Allereerst is de vrijheid van handelen van de Veiligheidsraad niet onbegrensd. En kan niet alles wat de Veiligheidsraad doet ipso facto voor rechtmatig en geoorloofd worden gehouden.
De Veiligheidsraad dicteert niet de inhoud van het volkenrecht, maar het is veeleer omgekeerd: het internationaal recht bepaalt de marges waarbinnen de Veiligheidsraad kan opereren.
Dat wordt heel duidelijk tot uitdrukking gebracht in het Handvest van de VN.
Artikel 2 van het Handvest begint met uitdrukkelijk te bepalen dat ook de Veiligheidsraad duidelijk is gebonden aan bepaalde beginselen.

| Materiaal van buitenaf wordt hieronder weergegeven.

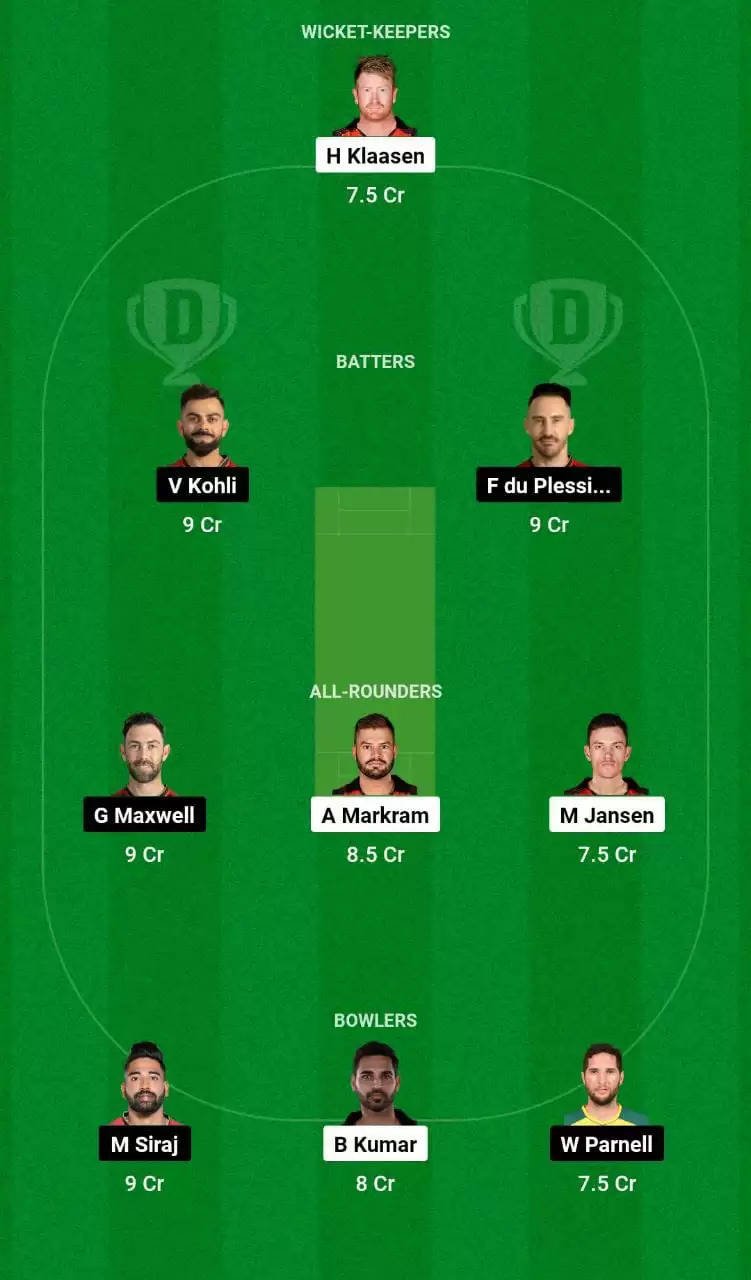 Today Dream11 Team Captain And ViceCaptain: आज के मैच में इस खिलाड़ी को बनाए अपना कप्तान और उपकप्तान अवश्य जीतिएगा 2 करोङ रुपए, जीतने से कोई नहीं रोक सकता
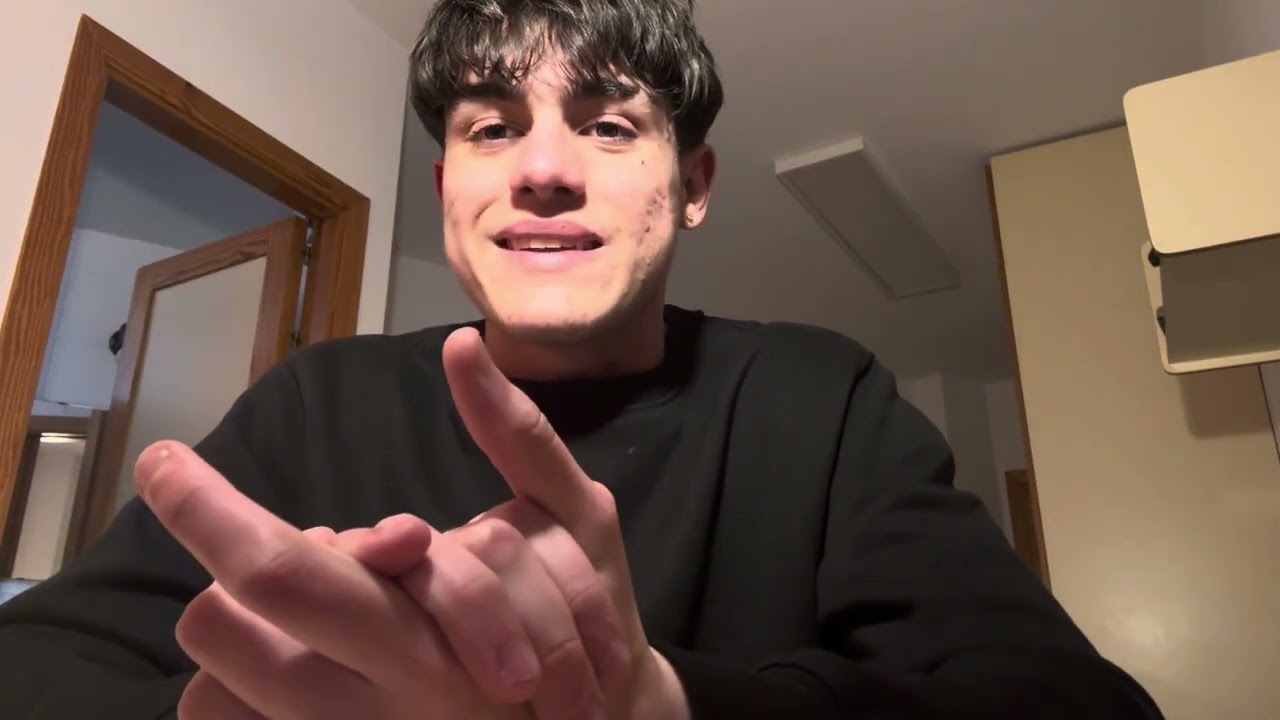 Primer video del canal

Die worden in dat artikel ook met name genoemd.
Eén van die met name genoemde beginselen is 'eerbied voor de rechten van de mens'.
Een ander belangrijk beginsel dat genoemd wordt, is het beginsel van soevereine gelijkheid en van gelijke rechten van de volken.
Dat betekent dus dat de Veiligheidsraad niet onbegrensd en naar believen maatregelen kan treffen.
Maar dat ook de Veiligheidsraad daarbij aan duidelijke begrenzingen vanuit het recht is gebonden.
Nu bepaalt artikel 25 van het Handvest weliswaar dat de leden van de Veiligheidsraad aan besluiten van de Veilighedsraad gebonden zijn en verplicht zijn om die uit te voeren.
Maar art. 25 Handvest bepaalt ook uitdrukkelijk dat het daarbij dan wel moet gaan om "besluiten overeenkomstig dit Handvest".
Besluiten van de Veiligheidsraad, die onmiskenbaar in strijd zijn met eerbied voor de rechten van de mens en met de soevereine gelijkheid van de volkeren kunnen dan ook niet als besluiten van de Veiligheidsraaad in de zin van art. 25 van het Handvest worden beschouwd.
Als besluiten die men blindelings heeft te aanvaarden en uit te voeren.
Stel nu: de Veiligheidsraad sticht een tribunaal, laten we er daarbij dan even vanuit gaan dat de Veiligheidsraad iets dergelijks mag doen.
Dus stel: de Veiligheidsraad sticht een tribunaal, maar dit tribunaal is al op het eerste gezicht namifest in strijd met artikel 6 EVRM, en kan allerminst worden beschouwd als een onpartijdig en onafhankelijk rechterlijk orgaan.
Zou dan toch, door alle staten en alle individuen van die staten, de jurisdictie van dit tribunaal zonder meer moeten worden aanvaard ?
Dat kan toch niet worden gevergd ?
En dit toch zeker niet in het licht van het feit dat dit tribunaal daarmee grotelijks in strijd zou zijn met het basisbeginsel van het Handvest zelf, namelijk dat de organen van de VN gebonden zijn aan eerbied voor de rechten van de mens !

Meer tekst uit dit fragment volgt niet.